The catalytic activities of the enzymes responsible for ADP-d,d-manno-heptose synthesis in V. cholerae O1 2010EL-1786 were investigated by incubating GmhAVC, GmhBVC, and HldEVC with S7P and ATP. A product shared the same retention time with ADP-d,d-manno-heptose was generated and was further identified by HPLC co-injection with the authentic standard of ADP-d,d-manno-heptose. We also tested the hybrid assays by replacing the well-characterized isomerase, phosphatase, or kinase/nucleotidyltransferase in the combination of GmhAEC + GmhBEC + HldEEC, which can synthesize ADP-d,d-manno-heptose efficiently, with the corresponding isozyme from V. cholerae O1 2010EL-1786, and all the combinations converted S7P to ADP-d,d-manno-heptose with comparable efficiencies (Fig. 1d).
When the heptose synthetic enzymes from V. parahaemolyticus CGMCC 1.1997 were incubated with S7P and ATP, ADP-d,d-manno-heptose was also generated in the GmhAVP + GmhBVP + HldEVP combination, but not in the control reaction with boiled HldEVP. And the enzymes from V. parahaemolyticus CGMCC 1.1997 could also functionally replace their isozymes in the GmhAEC + GmhBEC + HldEEC combination (Fig. 1d).
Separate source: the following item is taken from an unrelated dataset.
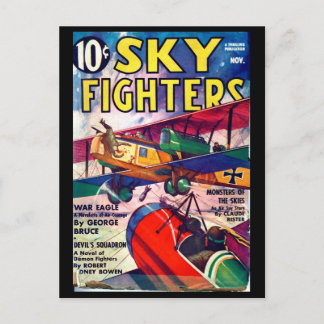 Sky Fighters - Nov 1937a_Pulp Art Postkarte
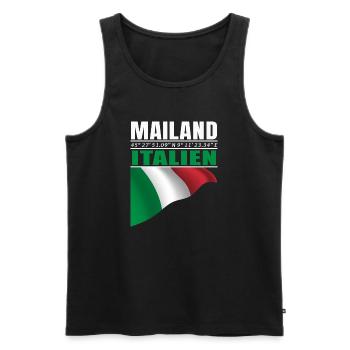 Milan - Débardeur bio Premium Homme - noir - Devant - Michal (187cm)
HPLC analyses showed that about 72 μM, 64 μM, and 80 μM of S7P (200 μM) were converted to ADP-d,d-manno-heptose by HldEVC, HldEVP, and HldEEC together with its cognate GmhA and GmhB, respectively, at 30 °C, pH 8.0 (20 mM HEPES) for 2 h. The comparable production of ADP-d,d-manno-heptose could be explained by docking analysis of ATP in the binding pockets of the nucleotidyltransferase domains of HldEs, which showed that despite the differences in tertiary structures of the HldEs, they may adopt similar “horseshoe” binding model of ATP to shape ADP-d,d-manno-heptose effectively (Fig. S4). Collectively, these results confirmed that GmhAVC and GmhAVP are S7P isomerases, GmhBVC and GmhBVP are HBP phosphatases, and HldEVC and HldEVP are bifunctional proteins with H7P kinase and H1P nucleotidyltransferase activities.
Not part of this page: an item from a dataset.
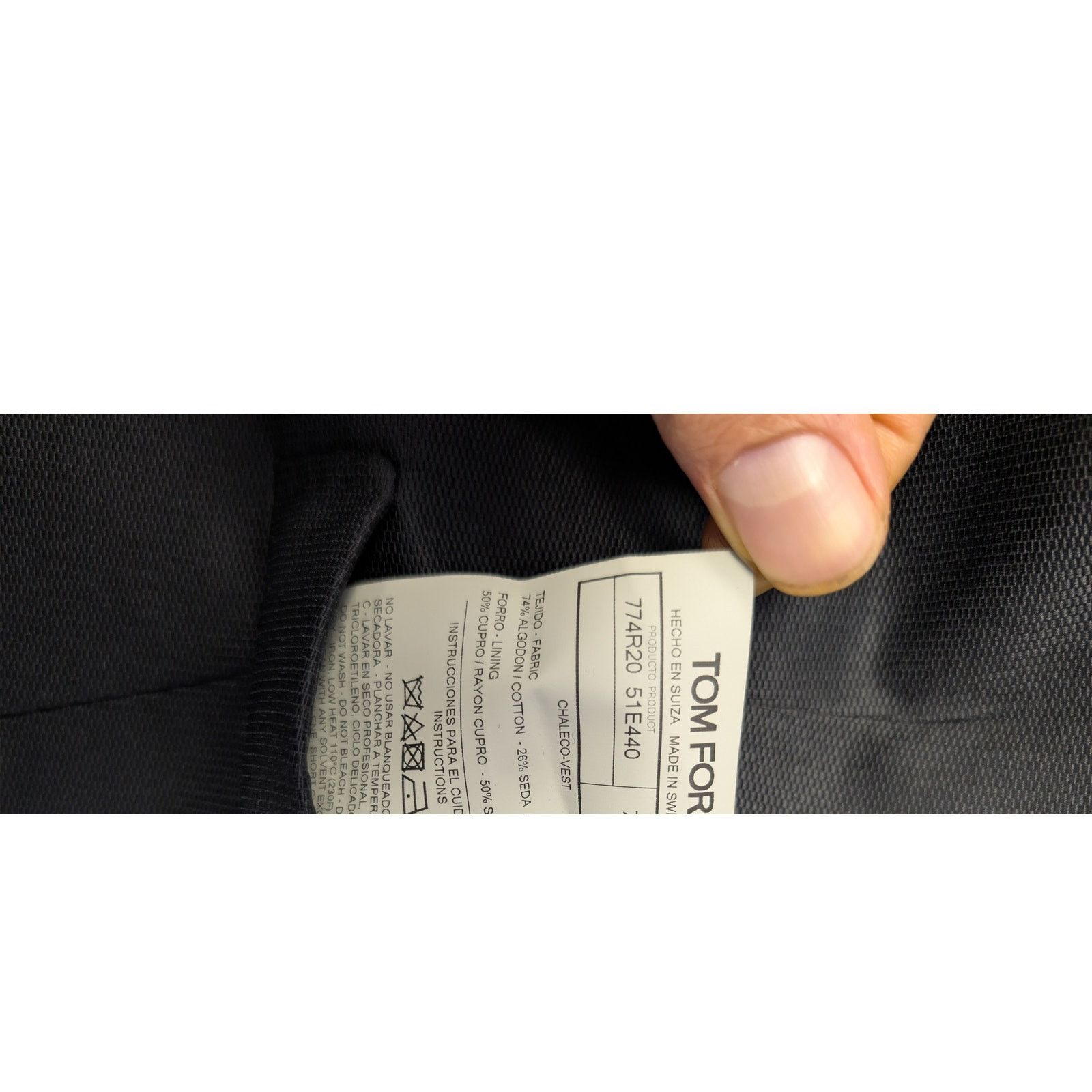 Tom Ford o1rshd1 Double-Breasted Tuxedo vest in Black Size US L / EU 52-54 / 3 - 18 Thumbnail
Conversion of ADP-d,d-manno-heptose to ADP-l,d-manno-heptose by a C-6″ epimerase
To our knowledge, three l,d-manno-heptoses are contained in the LPS inner core of V. cholerae O1 strains as in E. coli, while the LPS structure of V. parahaemolyticus CGMCC 1.1997 remains unknown (Chatterjee and Chaudhuri 2003). In E. coli, ADP-d,d-manno-heptose is converted to ADP-l,d-manno-heptose by an NAD+-dependent C-6″ epimerase HldDEC (Fig. 2a). Bioinformatic analysis revealed that both of the two Vibrio genomes contain an isoenzyme HldDEC, HldDVC (WP_000587795.1), and HldDVP (WP_015296139.1). Therefore, we cloned the epimerase encoding gene hldDVP from V. parahaemolyticus CGMCC 1.1997, and the hldDVC gene from V. cholerae O1 2010EL-1786 was obtained by DNA synthesis after codon optimization. The two epimerases were then expressed as N-His6 tagged proteins in E. coli BL21 (DE3) ΔgmhA ΔgmhB ΔhldE (Fig. 2b).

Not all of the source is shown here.